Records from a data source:
---

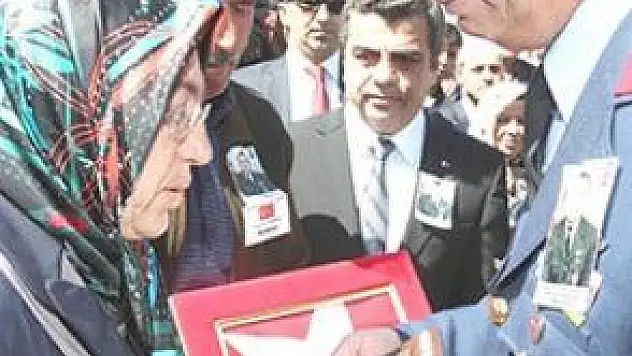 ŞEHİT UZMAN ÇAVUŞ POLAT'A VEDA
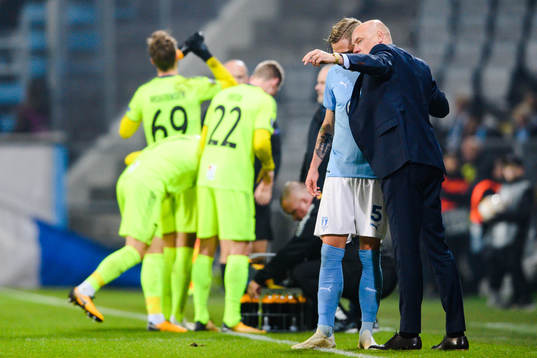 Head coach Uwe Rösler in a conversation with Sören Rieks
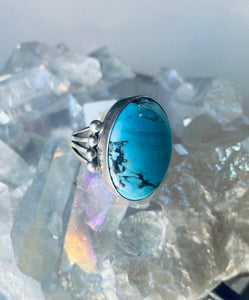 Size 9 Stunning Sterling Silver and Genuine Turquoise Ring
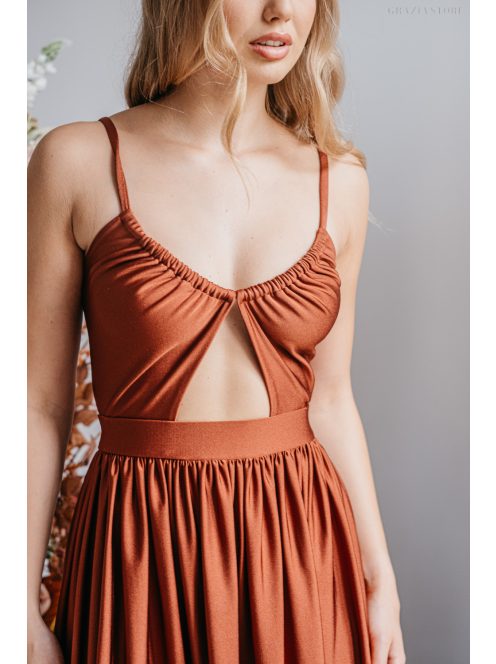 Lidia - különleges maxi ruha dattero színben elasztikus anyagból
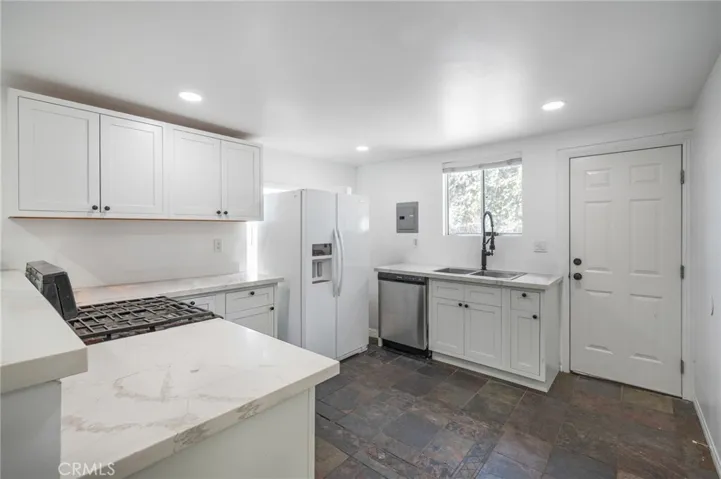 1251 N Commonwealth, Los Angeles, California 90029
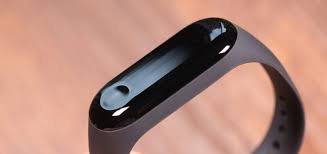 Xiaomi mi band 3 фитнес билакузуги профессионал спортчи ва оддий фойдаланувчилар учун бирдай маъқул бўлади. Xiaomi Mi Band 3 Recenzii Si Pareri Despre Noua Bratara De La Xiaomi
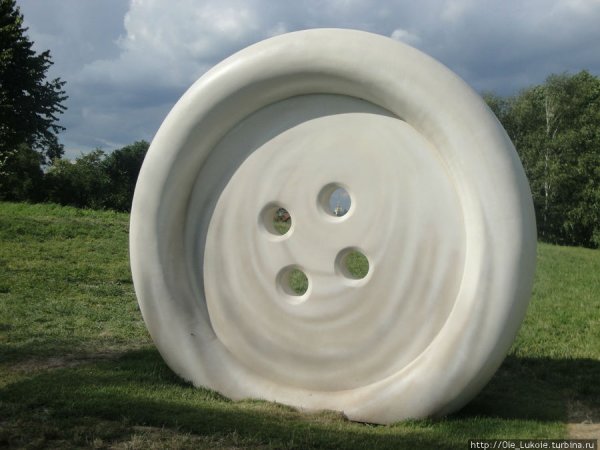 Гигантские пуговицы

---

▶ Exercise directions:
The lines from the one containing "Lidia - különleges" through the last line of the records are what you should copy, word for word and nothing else, with pictures left out.

▶ Your response:
 Lidia - különleges maxi ruha dattero színben elasztikus anyagból
 1251 N Commonwealth, Los Angeles, California 90029
 Xiaomi mi band 3 фитнес билакузуги профессионал спортчи ва оддий фойдаланувчилар учун бирдай маъқул бўлади. Xiaomi Mi Band 3 Recenzii Si Pareri Despre Noua Bratara De La Xiaomi
 Гигантские пуговицы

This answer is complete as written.